Lecture commune : Les idées sont de drôles de bestioles

D’emblée, cet album-là sort des sentiers battus, avec son œil qui nous sonde calmement, son charme envoutant, ses illustrations furtives, à deux doigts de nous échapper. Et sa démarche un peu folle : raconter à hauteur d’enfant l’étincelle à l’origine de l’inspiration et des idées. Vous imaginez bien qu’il nous était impossible de résister à une telle proposition ! Cet album est de ceux qui désarçonnent et interrogent, donnent envie de les relire et d’en parler pour enrichir encore la lecture. En somme, un terrain de choix pour une lecture commune. Colette et Isabelle ont saisi la perche et se sont lancées ensemble sur les traces de ces fameuses bestioles…

Les idées sont de drôles de bestioles, d’Isabelle Simler. Éditions courtes et longues, 2021.

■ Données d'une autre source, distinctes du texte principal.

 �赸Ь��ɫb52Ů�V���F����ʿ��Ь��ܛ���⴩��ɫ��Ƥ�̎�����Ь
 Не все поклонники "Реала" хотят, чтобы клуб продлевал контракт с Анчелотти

Isabelle : Quelle couverture ! Elle m’a happée immédiatement du haut de l’étagère de la librairie Mollat, à Bordeaux. Quel effet t’a-t-elle fait ?

Colette : Quelle couverture en effet ! Une œuvre à part entière cette couverture qu’aucun titre, aucun nom d’auteur.e, aucun nom de maison d’édition ne vient parasiter ! C’est ce “silence” qui m’a le plus intriguée en découvrant cet album. Et puis bien sûr cet œil, immense, noir et brûlant qui nous fixe et nous invite à percer le secret de ce regard, à pousser la porte de cet univers de traits colorés dont il est l’horizon mystérieux. Une couverture qui raconte déjà quelque chose : d’un côté un oeil ouvert, de l’autre un oeil fermé. Et entre les deux tout un monde intérieur.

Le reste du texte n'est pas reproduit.